EXERCISE DESCRIPTION: Retype the listing exactly as it stands, and keep every image out.

DATA EXTRACT:
☆ ☆ ☆
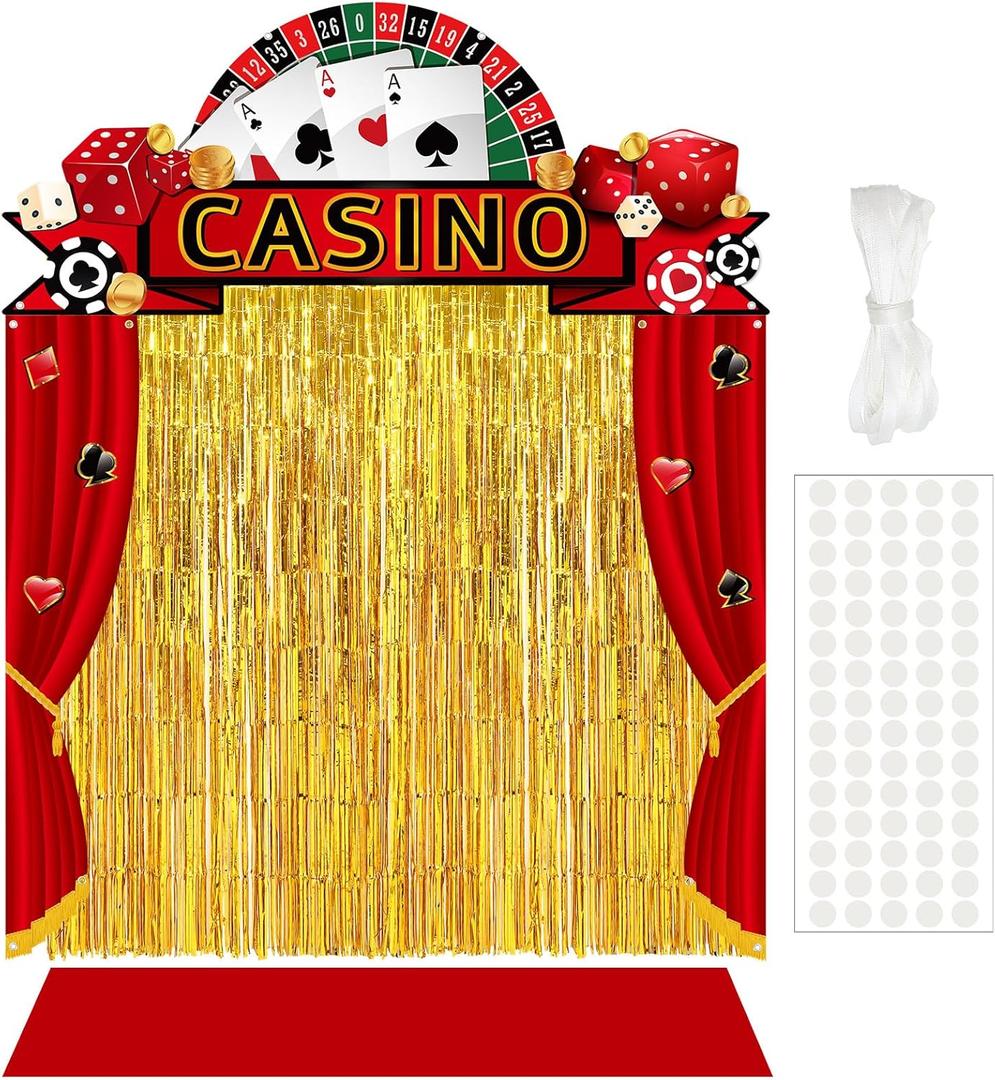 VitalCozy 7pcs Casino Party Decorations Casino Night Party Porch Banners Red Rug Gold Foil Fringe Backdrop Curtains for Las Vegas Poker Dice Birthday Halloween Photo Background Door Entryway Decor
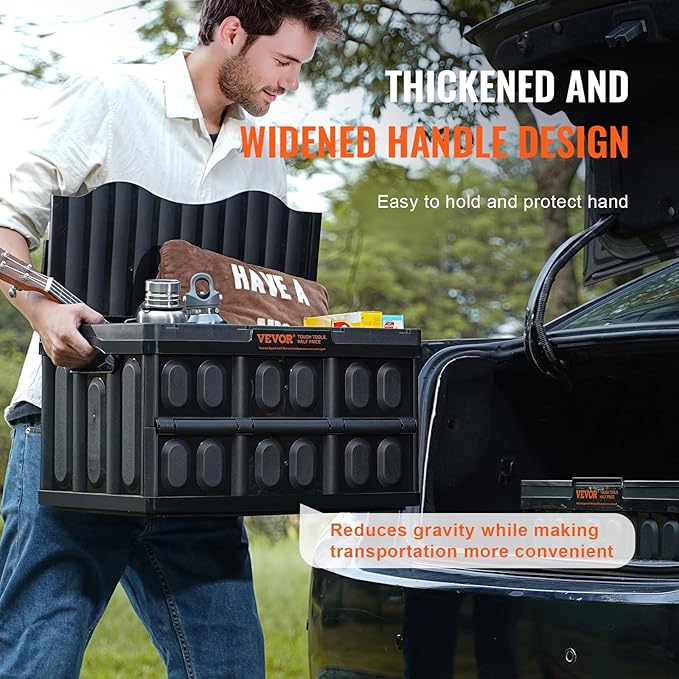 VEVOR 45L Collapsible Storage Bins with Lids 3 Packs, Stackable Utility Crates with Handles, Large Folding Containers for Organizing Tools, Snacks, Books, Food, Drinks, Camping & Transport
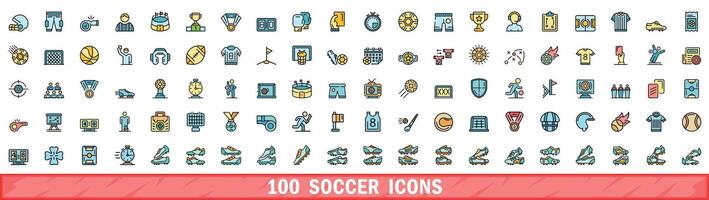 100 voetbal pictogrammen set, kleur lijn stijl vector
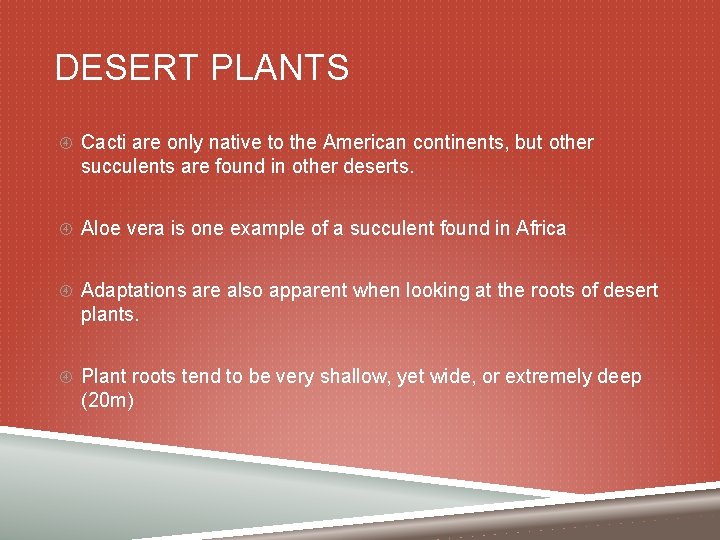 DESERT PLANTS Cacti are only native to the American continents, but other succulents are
☆ ☆ ☆
OUTPUT OF THE TASK:
 VitalCozy 7pcs Casino Party Decorations Casino Night Party Porch Banners Red Rug Gold Foil Fringe Backdrop Curtains for Las Vegas Poker Dice Birthday Halloween Photo Background Door Entryway Decor
 VEVOR 45L Collapsible Storage Bins with Lids 3 Packs, Stackable Utility Crates with Handles, Large Folding Containers for Organizing Tools, Snacks, Books, Food, Drinks, Camping & Transport
 100 voetbal pictogrammen set, kleur lijn stijl vector
 DESERT PLANTS Cacti are only native to the American continents, but other succulents are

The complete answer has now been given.